If I'm a payer and I have proprietary scopes defined for OAuth2 and retrieval of PHI, can I use those in the authorization process and be compliant with SMART Application Launch Framework or should I be using scopes that are resource specific as stated in the spec?

view this post on Zulip Josh Mandel (Aug 24 2020 at 20:54):

If you are hosting a fhir API, then the expectation is that you would support smart scopes. If you need to expose access to something other than fhir resources, you can always extend the scope set -- we recommend prefixing any such "extension" scopes with __ to ensure that your names never conflict with Scopes that we define in the future.

view this post on Zulip Douglas DeShazo (Aug 24 2020 at 21:04):

Thanks @Josh Mandel

view this post on Zulip John Moehrke (Aug 25 2020 at 12:52):

Josh Mandel said:

If you are hosting a fhir API, then the expectation is that you would support smart scopes. If you need to expose access to something other than fhir resources, you can always extend the scope set -- we recommend prefixing any such "extension" scopes with __ to ensure that your names never conflict with Scopes that we define in the future.

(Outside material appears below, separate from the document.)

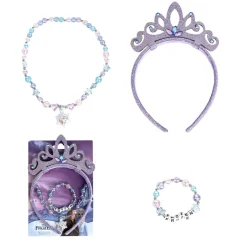 Sieraden Maken> Haarband & sierradenset Frozen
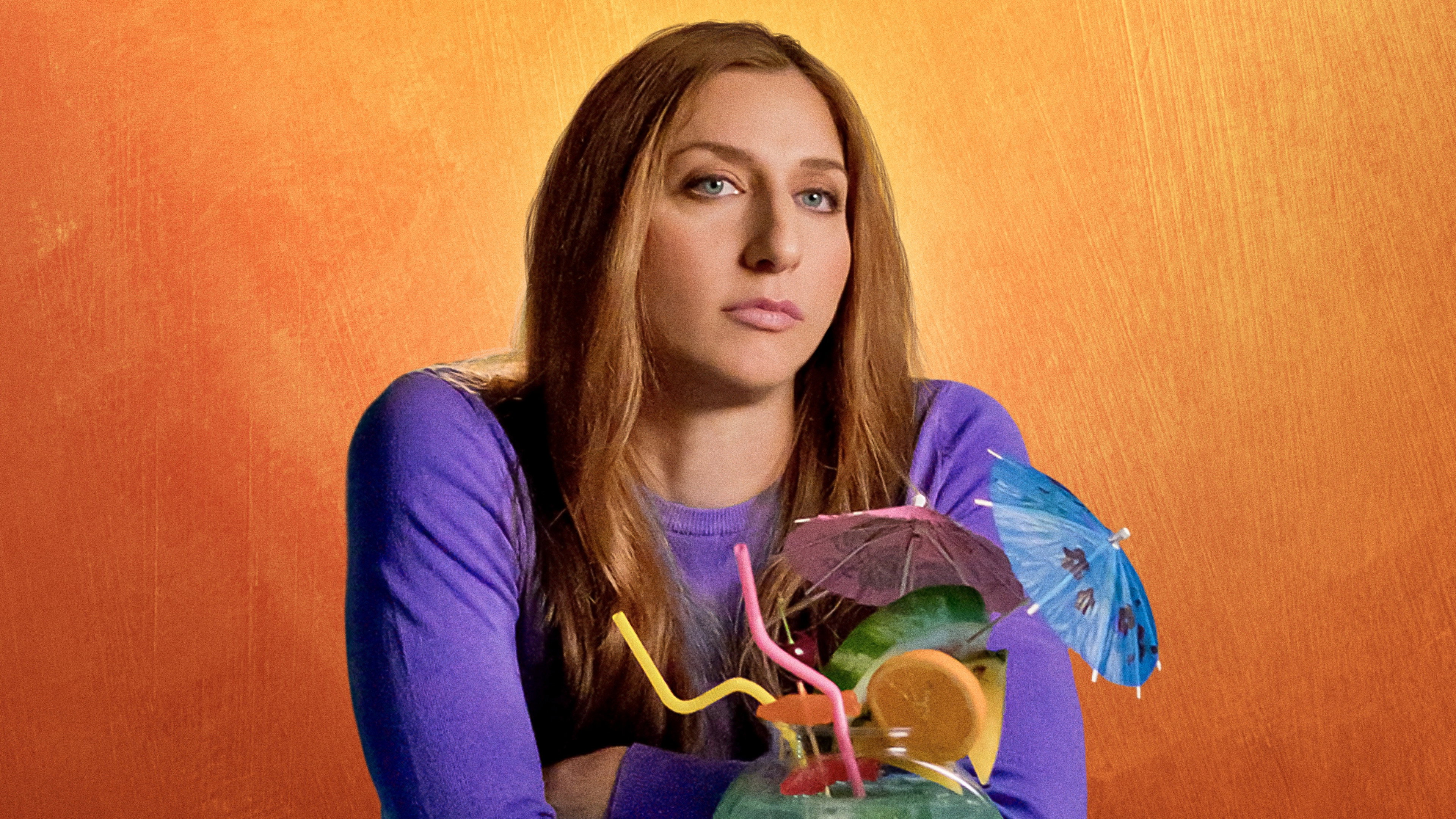 Spinster scene photo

Correction. If you are declaring support for SMART-on-FHIR, then... SMART-on-FHIR is just one of many implementation guides on OAuth standard for use with FHIR. There might be a stronger desire to use SMART-on-FHIR in the argonaut community, but it is not absolute..... right @Josh Mandel ?

view this post on Zulip Josh Mandel (Aug 25 2020 at 13:40):

To be clear, the initial question was about how to be compliant with the SMART App Launch IG.

In the context of the Argonaut project and more broadly in the context of ONC's US EHR certification program, the SMART App Launch specification is a requirement, which of course drives wider interest. These requirements in turn flow out to payers, since CMS named the ONC-adopted SMART IG in their final rule as well.

view this post on Zulip Josh Mandel (Aug 25 2020 at 13:41):

(Even more broadly: John is correct that a FHIR server can implement any kind of security system it wants if no other constraints or obligations apply. We do encourage folks to take advantage of SMART or specific pieces that are useful -- like scopes -- rather than reinventing the wheel.)